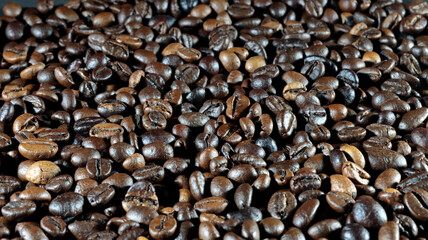 close up of many coffee beans on black background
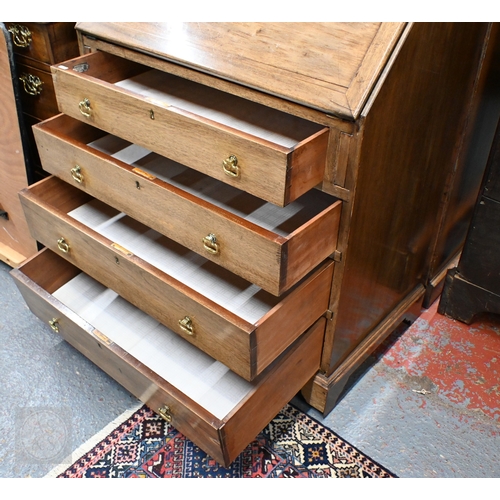 20 - # A compact mahogany bureau, with basic fitted interior over four long graduated drawers, raised on ... 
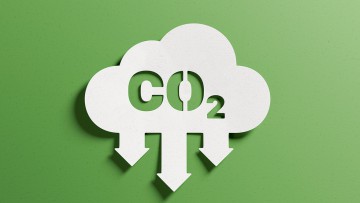 Eine weiße Wolke mit grünen Pfeilen symbolisiert die Reduzierung von CO2.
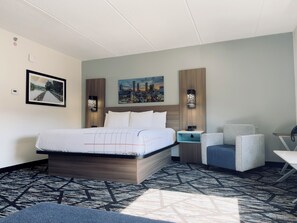 Premium bedding, desk, laptop workspace, iron/ironing board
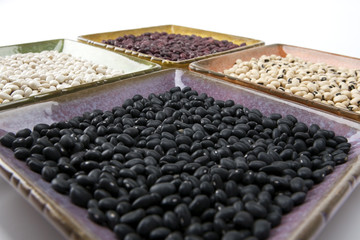 Mixed dried beans in coloreful square dishes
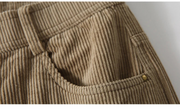 Close-up of a brown corduroy fabric with a button, on a white background.
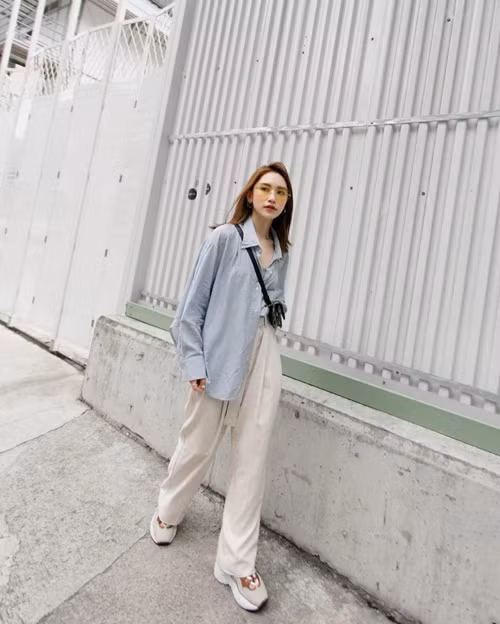 Một ưu điểm khác của áo sơ mi oversize là không kén dáng, giúp người mặc che khuyết điểm cơ thể. So với thiết kế ôm sát, mẫu áo oversize khiến người mặc trông gầy hơn. Nhìn từ xa, cô gái gầy trông càng mỏng manh dưới lớp áo thùng thình.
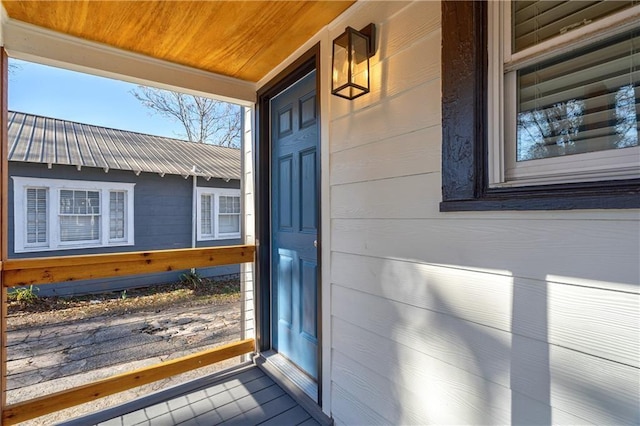 view of exterior entry with covered porch and metal roof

- [Problem to work on]
Write the lines out word for word, starting at the one with "Một ưu điểm" and stopping after the last line of the material above, with pictures excluded.

- [Task result]
 Một ưu điểm khác của áo sơ mi oversize là không kén dáng, giúp người mặc che khuyết điểm cơ thể. So với thiết kế ôm sát, mẫu áo oversize khiến người mặc trông gầy hơn. Nhìn từ xa, cô gái gầy trông càng mỏng manh dưới lớp áo thùng thình.
 view of exterior entry with covered porch and metal roof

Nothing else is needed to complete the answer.